Sent from my Pixel using Tapatalk


----------



## jd4223 (Feb 12, 2012)

Go on YouTube and type in Peelindrag videos. Young man in Michigan who does a lot of river fishing for pike using fly rod and baitcast. All his videos are GoPro and are normally 10 minutes. You may be able to contact him and email him for possible rivers he fishes. He doesn't name any of the rivers but he sure seems to know what he's doing. Young man looks to be about 17-18 years old... Does most of his river fishing wading.


----------



## sykessta (Jan 27, 2014)

Anyone ever had any luck with anything this time of year on the Raisin? Was thinking of giving it a shot. I stopped at Veterans park earlier and looked around the water was pretty high. Wonder if its worth a shot.


----------



## subocto (Feb 21, 2003)

Below the dam at veterans park is a good place to start, and there are many other spots worth fishing too. River raisin has some big fish. White/silver rapalas or streamers will get bit. Be careful wading there are some ledges that drop off quick. I’ve taken few swims and have caught some nice fish. Good luck!


----------



## sykessta (Jan 27, 2014)

Lol I've tried dundee 3x and grape once with no luck.. Did go swimming once at grape haha. Had fun each time tho. Still learning the river.


----------



## Mr Burgundy (Nov 19, 2009)

The dam by cabelas has some really big pike in it. I've also caught some dandy smallies in there too


----------



## 22 Chuck (Feb 2, 2006)

Many yrs ago I fished UP stream from Monroe for smallies.
Spot was on S side of river, near a public library not more than couple mi upstream from downtown.

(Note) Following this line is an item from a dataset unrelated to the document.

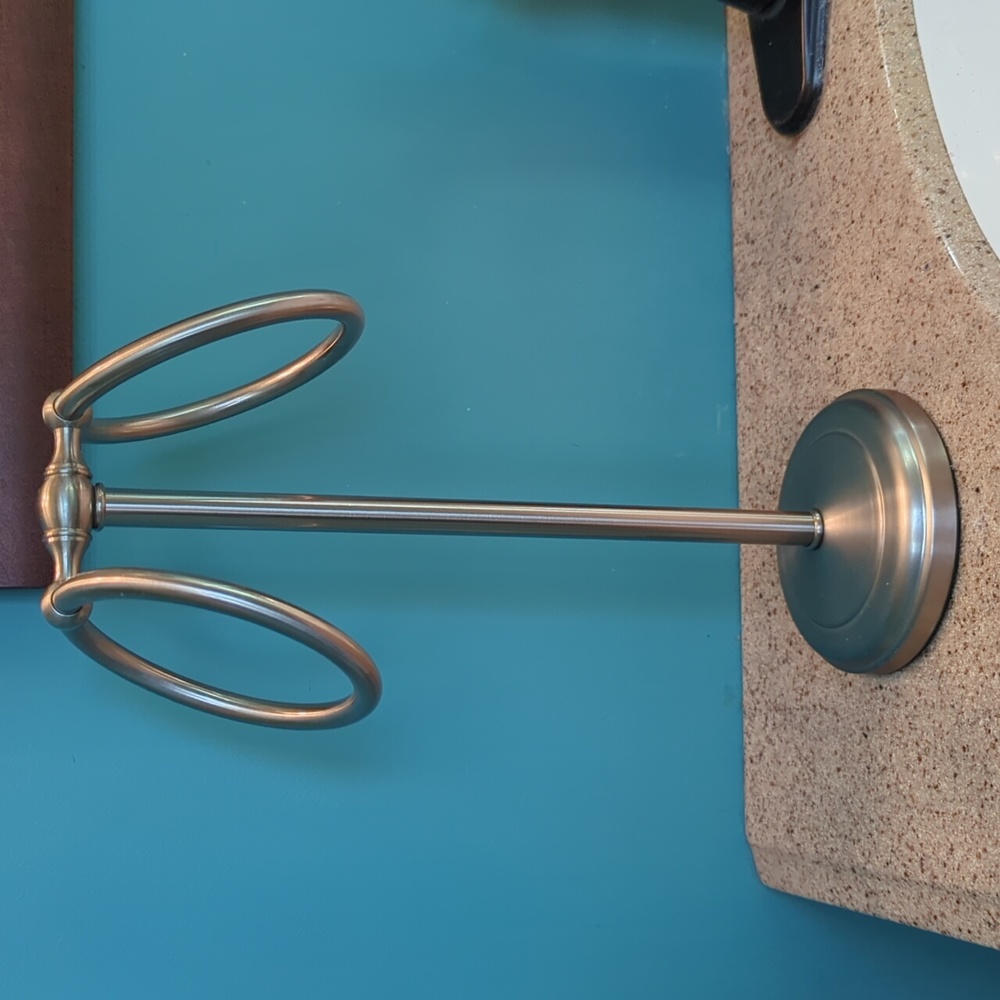 Towel Holder with Two Rings, Satin Nickel Finish, For Fingertip Towels.  Unused.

I have not been there in 50 yrs.


----------



## ogie (Dec 31, 2011)

Mr Burgundy said:


> The dam by cabelas has some really big pike in it. I've also caught some dandy smallies in there too


Do you usually fish by the dam? I started fishing above dam in my kayak the last few years when visiting my parents and haven't had a ton of luck up there. A few decent size bass but I've heard some stories about monster pike up that way.


----------



## Mr Burgundy (Nov 19, 2009)

Bellow the dam next to the wedding center (or whatever that building is lol).


----------



## subocto (Feb 21, 2003)

Mr Burgundy said:


> Bellow the dam next to the wedding center (or whatever that building is lol).


In low flows i launch my kayak below Dundee dam and fish downstream. I can usually paddle back up stream during summer and fall. Spring you might need to spot a car near grape. There Is also a canoe livery there. I have not waded below Dundee, I’ve only kayaked there. Good luck. Let me know if you want a fishing partner some time.


----------



## subocto (Feb 21, 2003)

sykessta said:


> Anyone ever had any luck with anything this time of year on the Raisin? Was thinking of giving it a shot. I stopped at Veterans park earlier and looked around the water was pretty high. Wonder if its worth a shot.


During summer vet park is very shallow all the way across. Smallies, rock bass, and pike. I have seen a muskie and a steelhead caught there also. Usually knee deep with a few waist deep channels. Casting streamers or rapalas at the base of the dam will get you fish. It’s bed rock ledges so step carefully and go slow.


----------



## subocto (Feb 21, 2003)

CL-Lewiston said:


> Many yrs ago I fished UP stream from Monroe for smallies.
> Spot was on S side of river, near a public library not more than couple mi upstream from downtown.
> 
> I have not been there in 50 yrs.


That is the Ellis library on m50. Good spot.


----------